• [What the exercise asks]: Up to and including the line that contains "So here in Visual", write out every line of the entries exactly, beginning with the first. Omit the pictures.

• [Recorded data]:
====

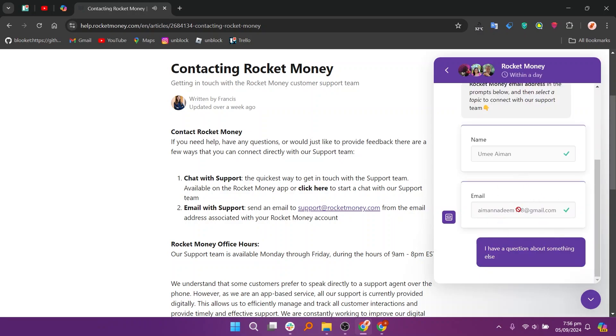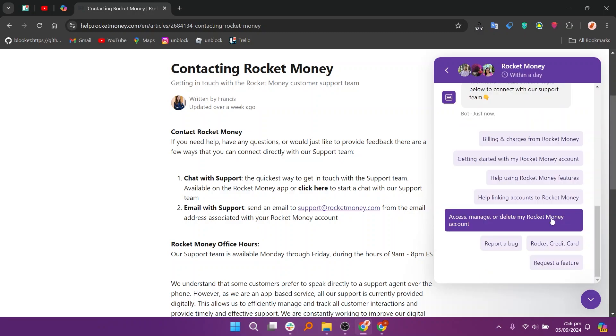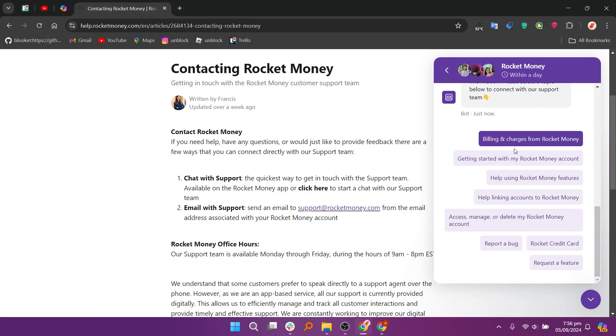Now go to the chat option in the right bottom corner. You can get help for different articles including the data in Rocket Money.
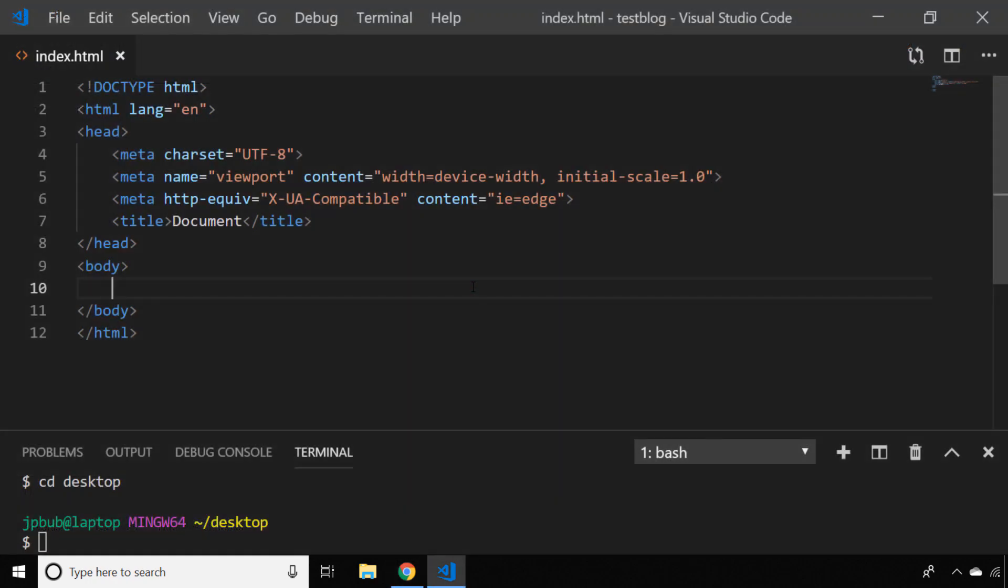So here in Visual Studio Code I've just got a template HTML file and I'm going to add a button that when we click it takes us to a new location.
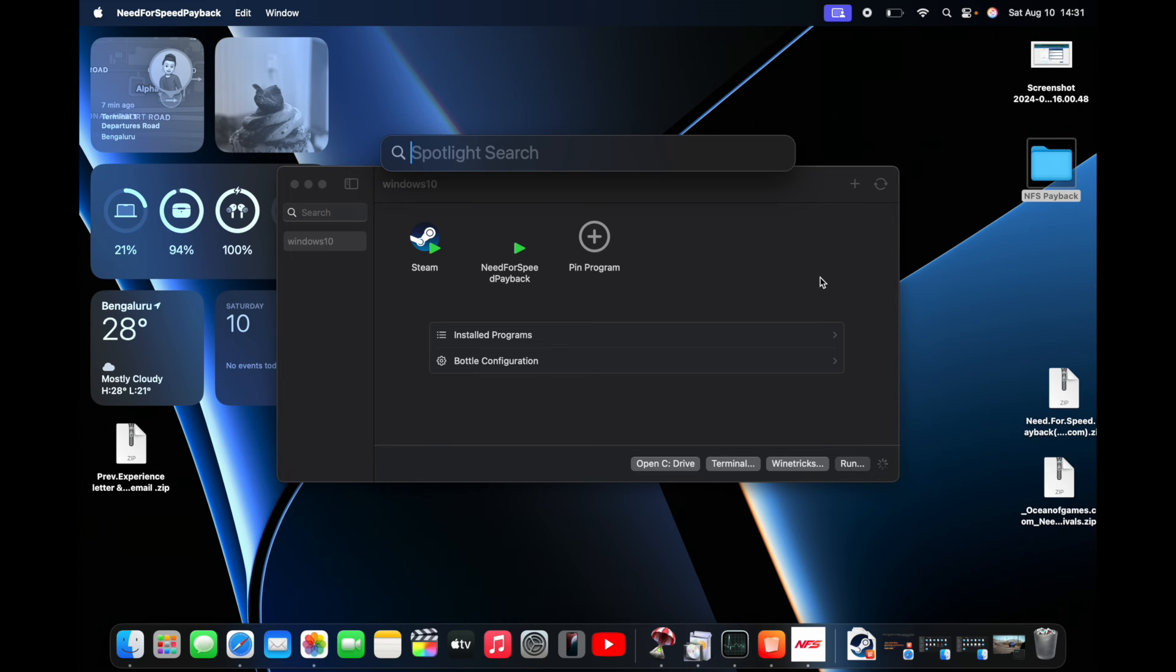So that was gameplay to show you that it is running on M3 MacBook and you can play any of the Windows games.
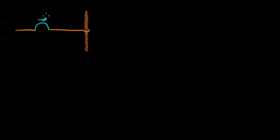And so once again, we have our blue wave pulse moving to the right.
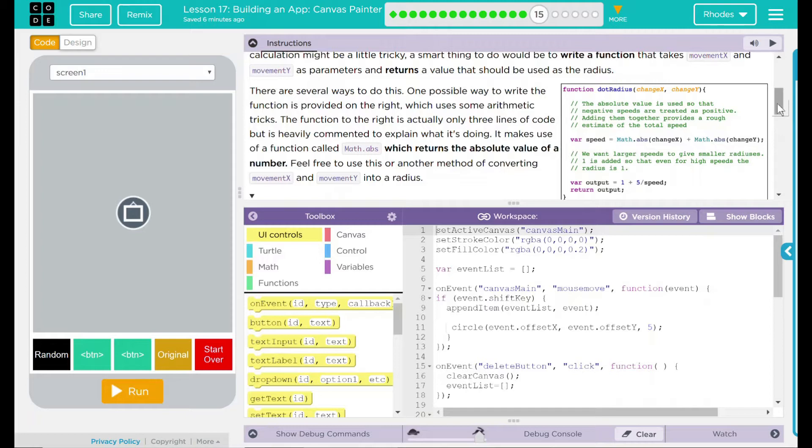It makes use of a function called Math.abs, which returns the absolute value of a number. Feel free to use this or another method of converting MovementX and MovementY into a radius.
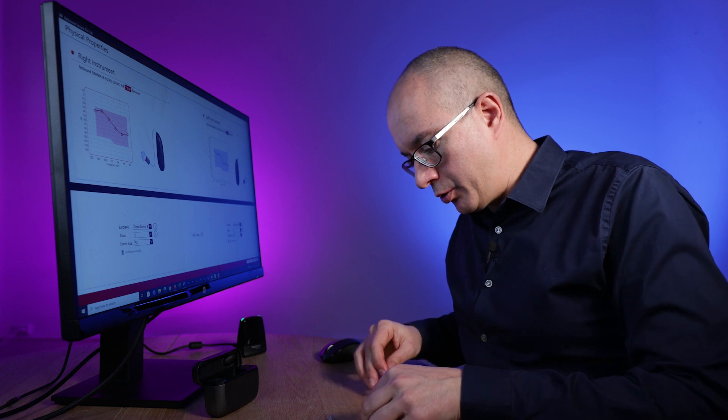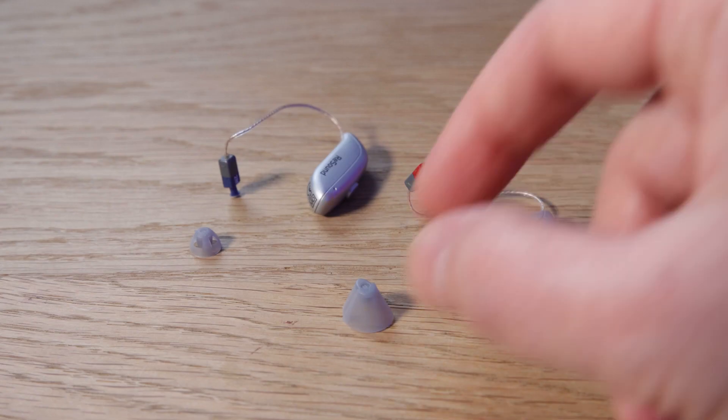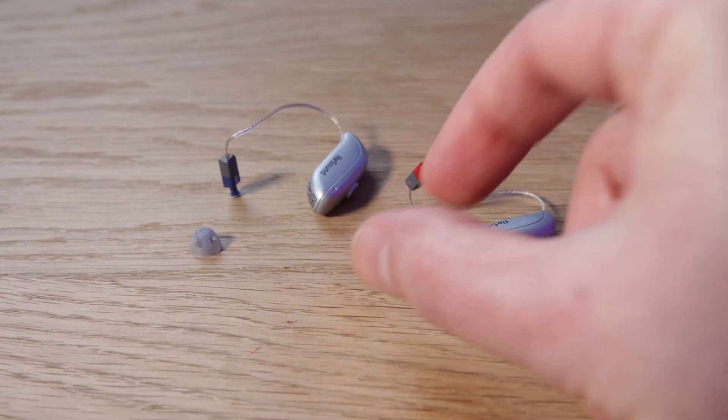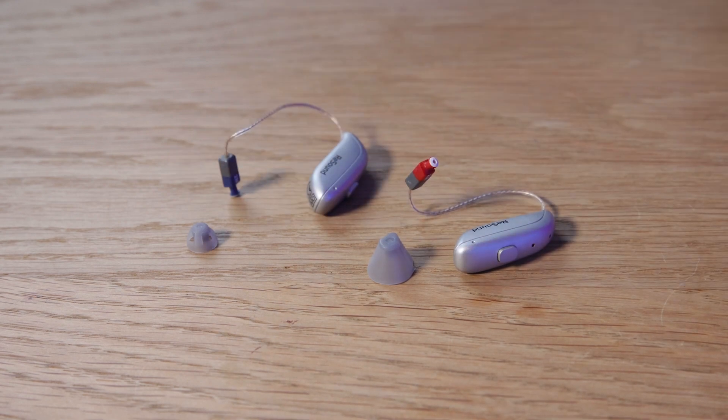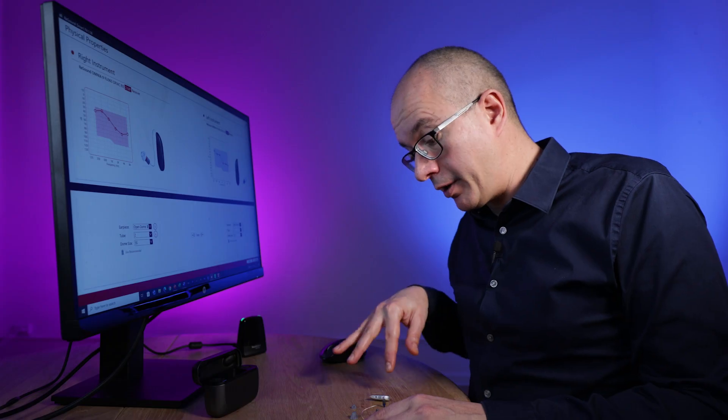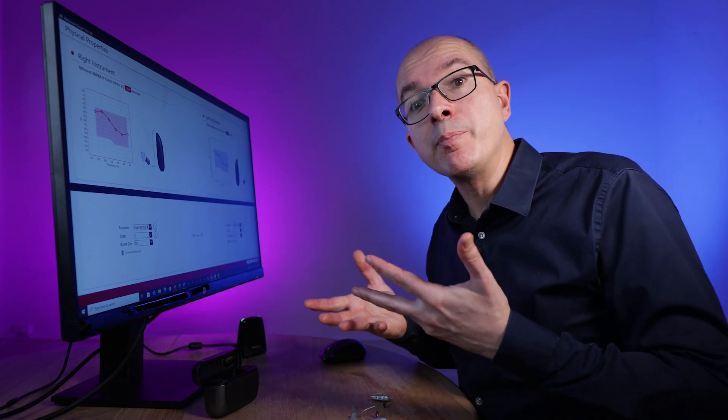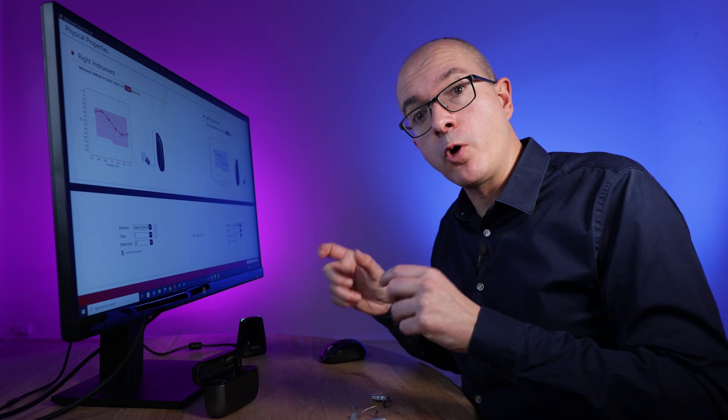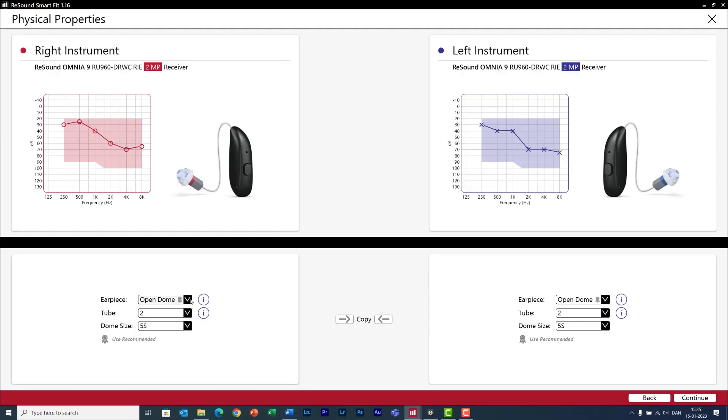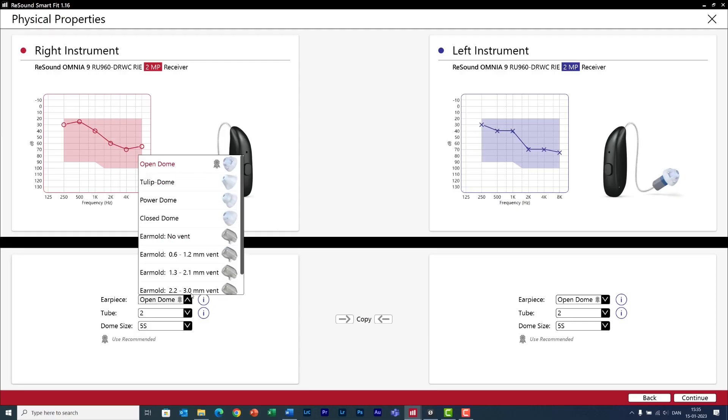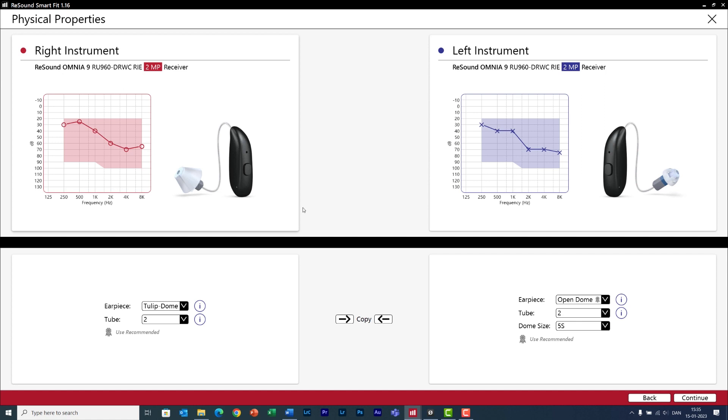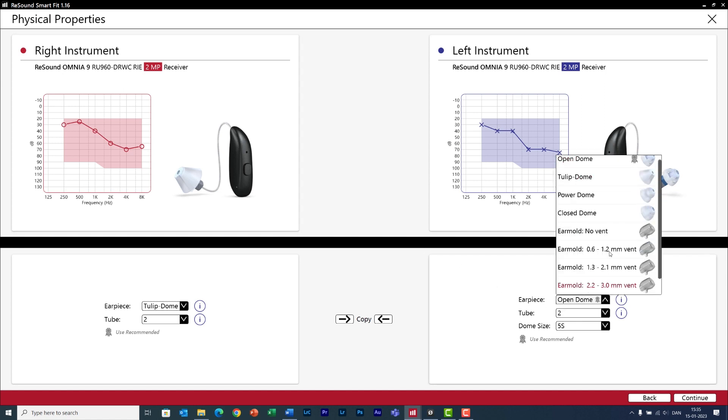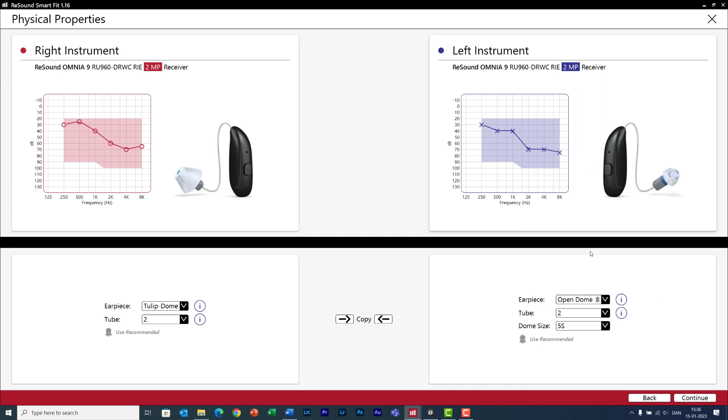In our case I'm going to use a tulip dome for the right ear and an open dome for the left ear, and this is just to show you what is the impact of the dome in the fitting software. Okay so I will select a tulip dome in the right ear and an open dome in the left ear, and I'm using a medium size and now I click on continue.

====

• [Result of this task]:
Now go to the chat option in the right bottom corner. You can get help for different articles including the data in Rocket Money.
So here in Visual Studio Code I've just got a template HTML file and I'm going to add a button that when we click it takes us to a new location.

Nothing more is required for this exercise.